╭─ Material provided

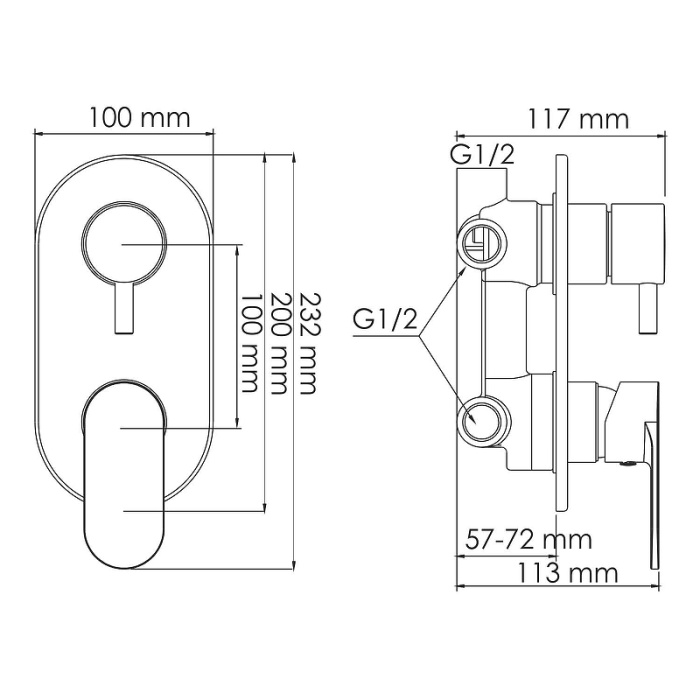 Смеситель для душа WasserKRAFT "Mindel" 8571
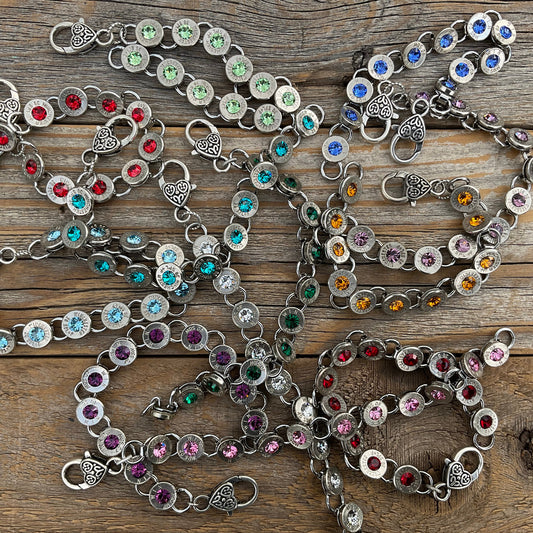 Bullet Bracelet Birthstone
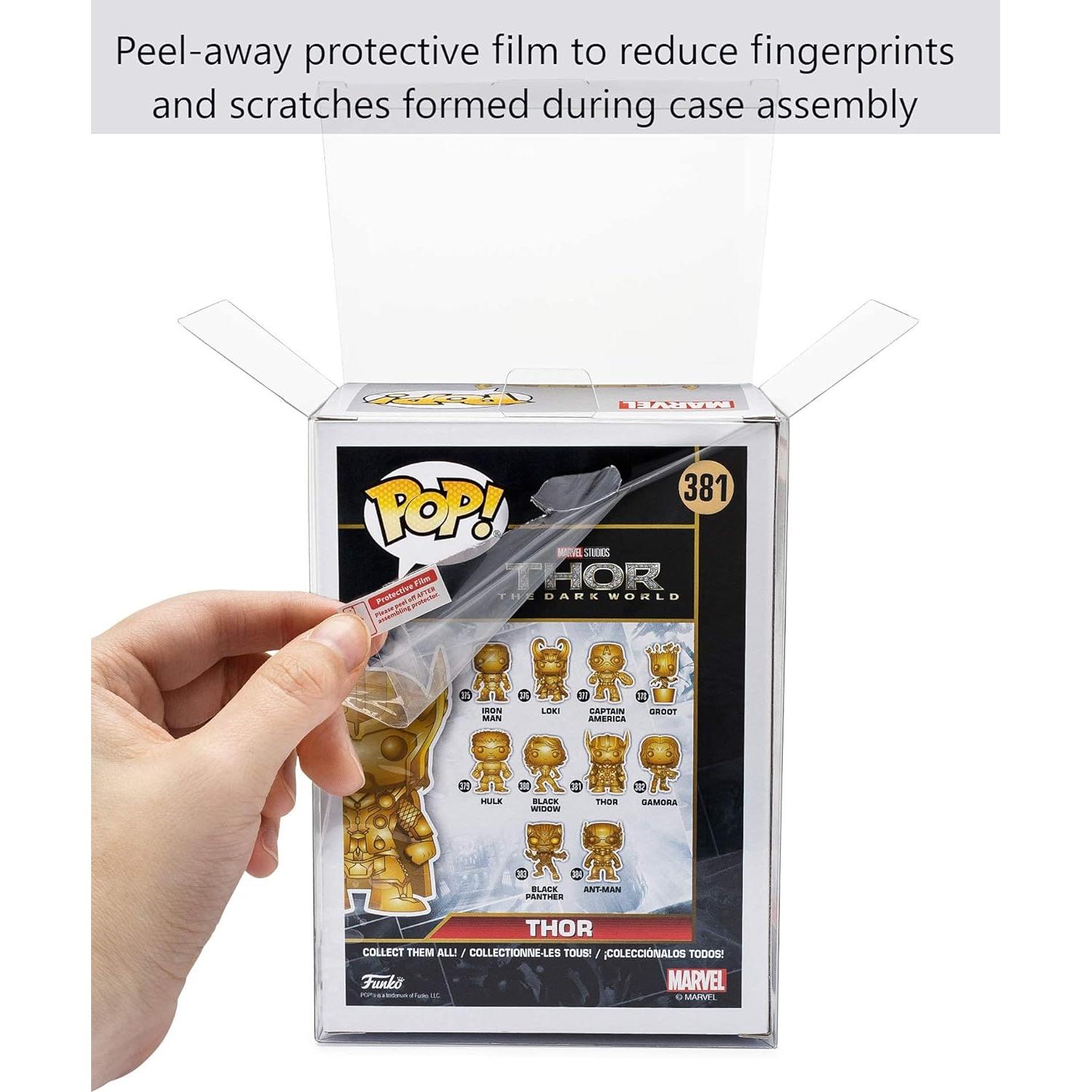 Fundas Protectores TitanShield 0.5mm para Figuras Pop 20 Unidades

╰─

Write the data out again exactly, but without its images.

Finished task:
 Смеситель для душа WasserKRAFT "Mindel" 8571
 Bullet Bracelet Birthstone
 Fundas Protectores TitanShield 0.5mm para Figuras Pop 20 Unidades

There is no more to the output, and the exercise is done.